Wendy Williams seems to work every single one of my nerves, from my eyelids down to my testicles. Here I am reading up on some Assata Shakur, listening to Kool and the Gang and blackening my berries, when I hear that Wendy is shooting down yet another black woman. I won’t even go through the trouble of calling her Wendell, Walrus or Wrench. Nope, I’m gonna stick with the name Wendy. The same name that decided to defile burgers by shaping them into squares and that gave me 20 nuggets with one funky ass pack of barbeque sauce. “Wendy,” in my book, signifies all things synthetic and trifling.
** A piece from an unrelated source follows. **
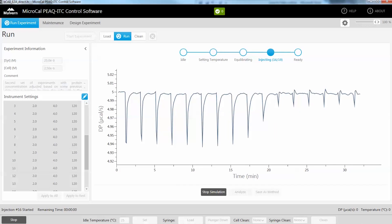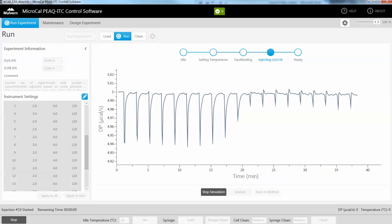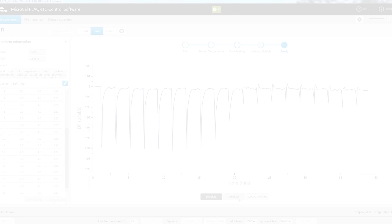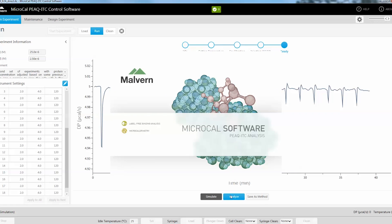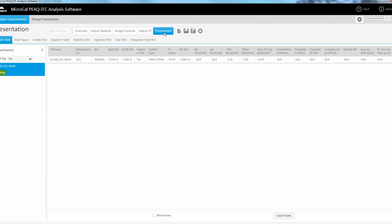When in the software the status icons at the top provide clear indication that an experiment is running. Upon completion the analysis button becomes enabled which in turn will launch the MicroCal Peak ITC analysis software with the current experiment analyzed.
Woo-sah, now to the story. I hope everyone is having a blessed day. Wendy Williams became notorious over the years with her shock jock antics and “tell it like it is” mantra. Throughout her career, she’s successfully pissed off Whitney Houston, Nene Leakes, Fantasia, Draya Michele, Lil Kim and others. Ironically, or not so much so, these celebrities have two things in common, they’re women and they’re black. Paired with Wendy’s style of journalism, she’s accrued a great deal of success. She singlehandedly hosts one of the most highly-rated television shows on daytime television and her brand has spilled over into multiple arena, including stand-up comedy. However, with all of this success, I ask, to what avail? Most recently, Wendy seems to have had it out for Rihanna, referring to the fact that the pop singer is the type that you “do” and then take your penicillin. In earlier Hot Topics, she’s stated that Rihanna would never be a legend and also brought into question the way in which she received her fame.
Wendy, what’s with all the pointed shade? Did she overcook your cabbage? Did she steal your man and slap ya momma? Did they not make the Puma Creepers in your size? Do you want your nipples pierced too?
As an entertainment journalist, it is fitting that opinions come forth and aren’t watered down with sweetness and cupcakes and fluff. But, a good journalist is also varied in their discussions. Not often do journalists spend so substantial an amount of time on one individual or topic. It seems that Rihanna’s name has been in Wendy’s mouth more than her own husband’s… Oscar Meyer Wiener?
It’s always been a dead giveaway that someone’s not getting properly sexed when they start slut-shaming others. So in an effort to get her to end her tired, lazy narrative, does anyone have some bedroom tips for Wendy to incorporate with her husband? Each one, teach one!